The U.S. Department of Justice and the FBI believe they don't need a search warrant to review Americans' e-mails, Facebook chats, Twitter direct messages, and other private files, internal documents reveal.

Government documents obtained by the American Civil Liberties Union and provided to CNET show a split over electronic privacy rights within the Obama administration, with Justice Department prosecutors and investigators privately insisting they're not legally required to obtain search warrants for e-mail. The IRS, on the other hand, publicly said last month (http://news.cnet.com/8301-13578_3-57579850-38/irs-chief-well-rewrite-our-e-mail-search-policy/) that it would abandon a controversial policy that claimed it could get warrantless access to e-mail correspondence.

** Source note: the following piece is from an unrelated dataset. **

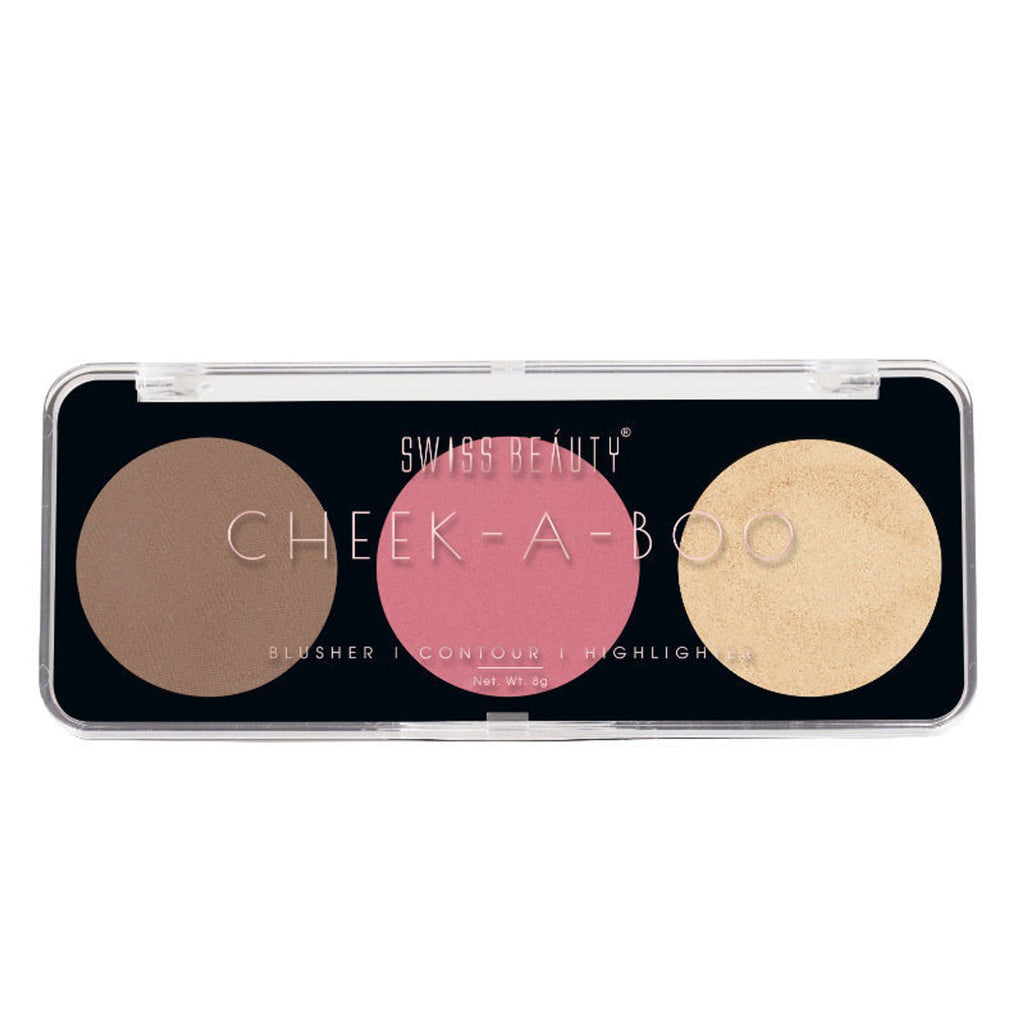 Swiss Beauty Cheek-A-Boo 3 In One Blushe Contour And Highlighter - 3 - Distacart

The U.S. attorney for Manhattan circulated internal instructions, for instance, saying a subpoena -- a piece of paper signed by a prosecutor, not a judge -- is sufficient to obtain nearly "all records from an ISP." And the U.S. attorney in Houston recently obtained (http://s3.documentcloud.org/documents/692822/in-re-warrant-to-search-a-target-computer-at.txt) the "contents of stored communications" from an unnamed Internet service provider without securing a warrant signed by a judge first.

"We really can't have this patchwork system anymore, where agencies get to decide on an ad hoc basis how privacy-protective they're going to be," says Nathan Wessler (http://www.aclu.org/blog/author/nathan-freed-wessler), an ACLU staff attorney specializing in privacy topics who obtained the documents (http://www.aclu.org/blog/national-security-technology-and-liberty/fbi-documents-suggest-feds-read-emails-without-warrant) through open government laws. "Courts and Congress need to step in."

The Justice Department's disinclination to seek warrants for private files stored on the servers of companies like Apple, Google, and Microsoft continued even after a federal appeals court in 2010 ruled (http://news.cnet.com/8301-31921_3-20025650-281.html) that warrantless access to e-mail violates the Fourth Amendment. A previously unreleased version of an FBI manual (PDF (http://www.aclu.org/national-security-technology-and-liberty/warrantless-electronic-communications-foia-requests-june)), last updated two-and-a-half years after the appellate ruling, says field agents "may subpoena" e-mail records from companies "without running afoul of" the Fourth Amendment.

The department did not respond to queries from CNET Tuesday. The FBI said in a statement that:

In all investigations, the FBI obtains evidence in accordance with the laws and Constitution of the United States, and consistent with Attorney General guidelines. Our field offices work closely with U.S. Attorney's Office to adhere to the legal requirements of their particular districts as set forth in case law or court decisions/precedent.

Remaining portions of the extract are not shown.